Crawled caption data
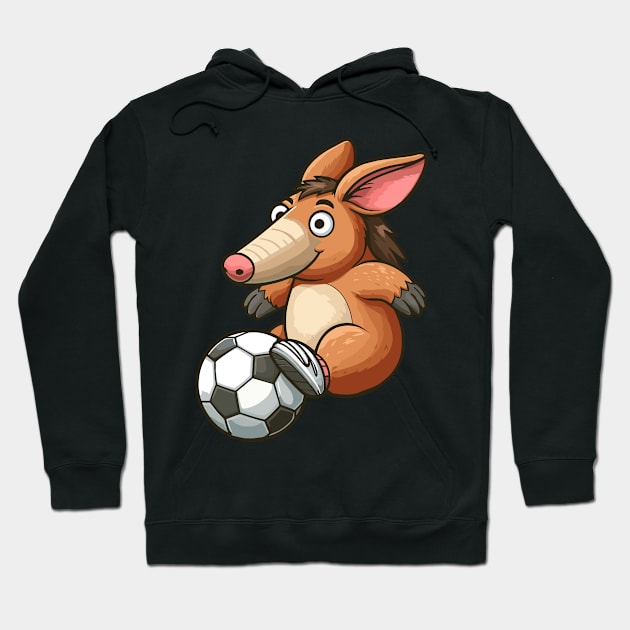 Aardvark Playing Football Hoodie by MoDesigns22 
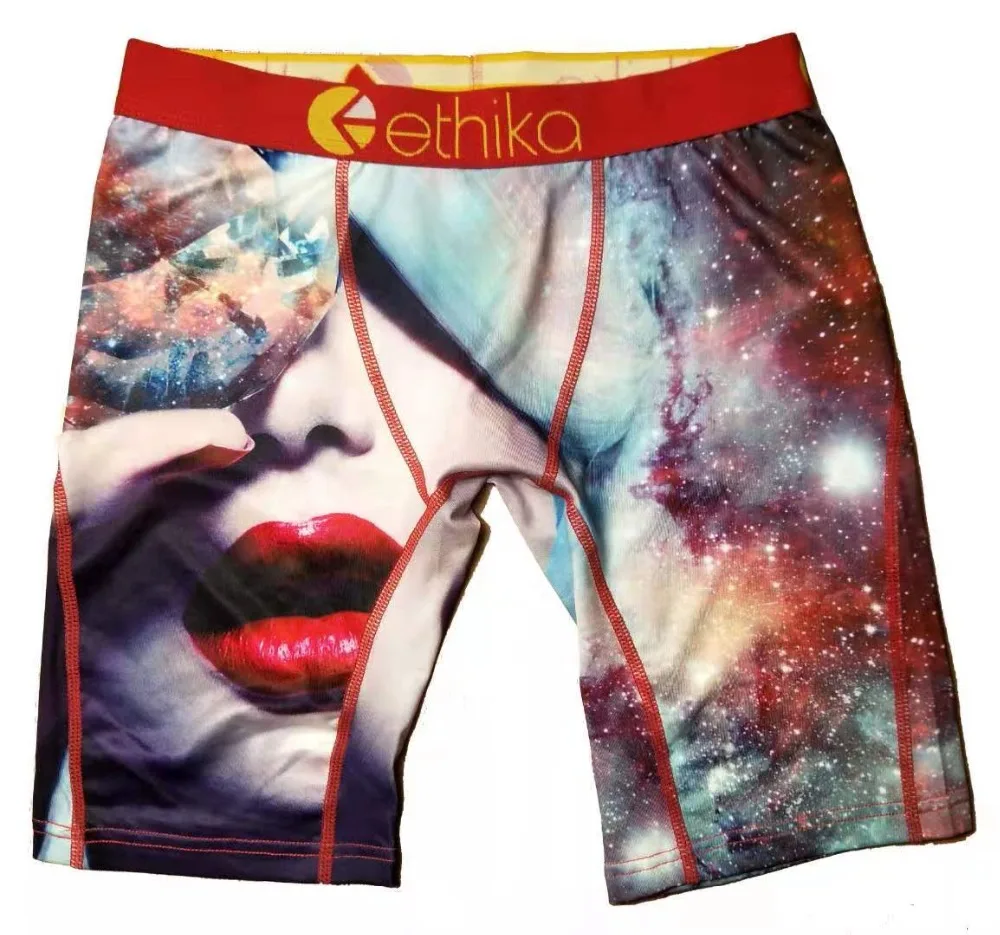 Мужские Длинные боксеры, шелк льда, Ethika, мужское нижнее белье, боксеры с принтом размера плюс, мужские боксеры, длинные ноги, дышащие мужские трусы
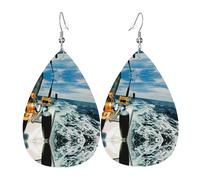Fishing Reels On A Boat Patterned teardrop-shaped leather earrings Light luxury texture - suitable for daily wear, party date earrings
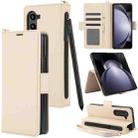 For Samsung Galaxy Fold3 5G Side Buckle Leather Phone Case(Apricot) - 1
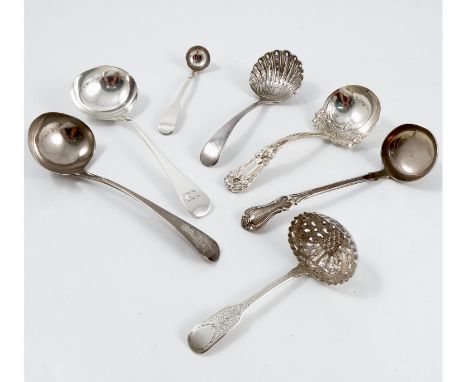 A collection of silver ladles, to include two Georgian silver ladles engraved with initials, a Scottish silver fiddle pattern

**REQUIRED WORK**
Reproduce exactly, and only, the lines from the one holding "For Samsung Galaxy" through the final line of the entries. Do not include the pictures.

**ANSWER BELOW**
 For Samsung Galaxy Fold3 5G Side Buckle Leather Phone Case(Apricot) - 1
 A collection of silver ladles, to include two Georgian silver ladles engraved with initials, a Scottish silver fiddle pattern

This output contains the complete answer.